Abstract:
The present invention provides a valve actuation system for an internal combustion engine. The valve actuation system of the present invention may provide an increased range of auto-ignition operation by providing a valve re-opening mechanism to provide products of combustion into the cylinder to increase the thermal efficiency and stability of the auto-ignition combustion process. The present invention allows the poppet valve re-opening timing, lift and duration to be tailored to specific engine architecture and operating conditions. Additionally, the present invention provides a method of re-opening a poppet valve of an internal combustion engine.

Description:
CROSS REFERENCE TO RELATED APPLICATION 
     This application claims the benefit of U.S. Provisional Application No. 60/674,213, filed Apr. 22, 2005, which is hereby incorporated by reference in its entirety. 
    
    
     TECHNICAL FIELD 
     The present invention relates to a valve actuation system for an internal combustion engine. 

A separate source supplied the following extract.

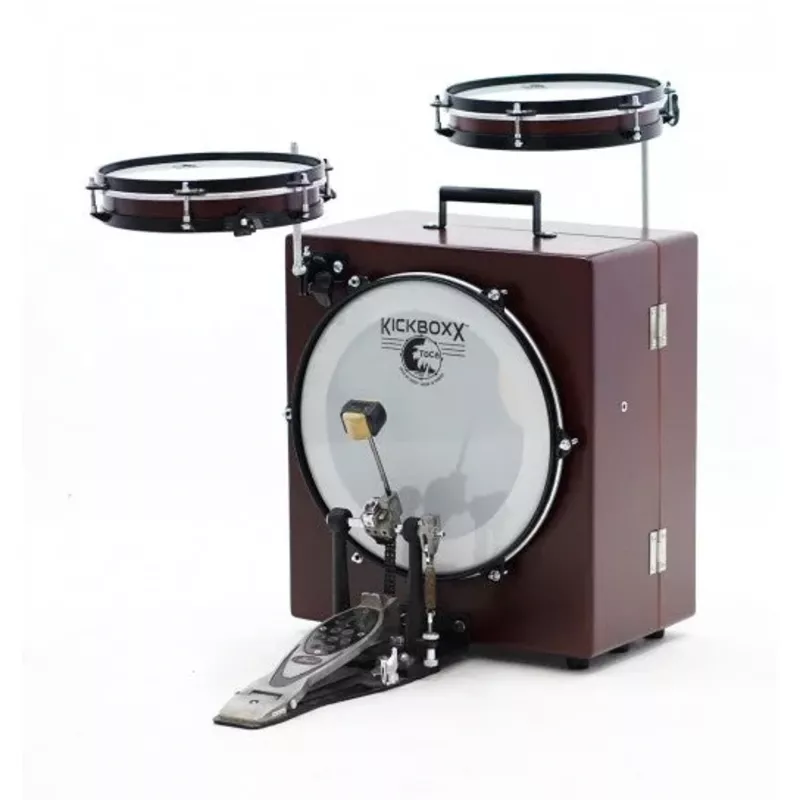 Toca Kickboxx Suitcase Drum Set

     BACKGROUND OF THE INVENTION 
     Dilute combustion of gasoline in an internal combustion engine, using either air or recirculated exhaust gas, can enhance the thermal efficiency and decrease the production of oxides of Nitrogen (NOx). However, there is a limit to which an internal combustion engine may operate with a dilute mixture due to misfire and combustion instability resulting from a slow burn rate of the dilute mixture. Known methods to extend the dilution tolerance limit include: 1) improving the ignitability of the mixture by enhancing ignition and mixture preparation, 2) increasing the flame speed by introducing charge motion and turbulence, and 3) operating the engine in a controlled auto-ignition combustion mode. 

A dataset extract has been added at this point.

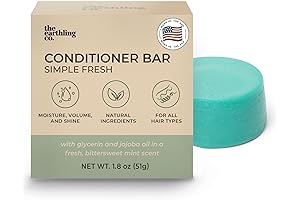 Earthling Co. Shampoo Bars: Revitalize Your Locks with Nature's Embrace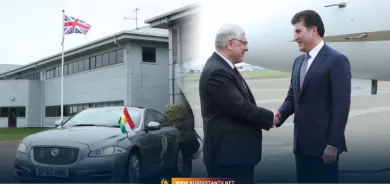 Serokê herêmê li Londonê ye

     The controlled auto-ignition process may be referred to as Homogeneous Charge Compression Ignition (HCCI). In this process, a charge mixture of combusted gases, air, and fuel is created and auto-ignition is initiated simultaneously from multiple ignition sites within the compressed charge mixture, thereby resulting in stable power output and high thermal efficiency. Since the combustion is highly dilute and uniformly distributed throughout the charge mixture, the temperature of the burnt gas is typically lower than that of a traditional spark ignited engine with a propagating flame front and a diesel engine with an attached diffusion flame. The reduced temperature of the burnt gas may result in reduced NOx emissions when operating in the HCCI mode. 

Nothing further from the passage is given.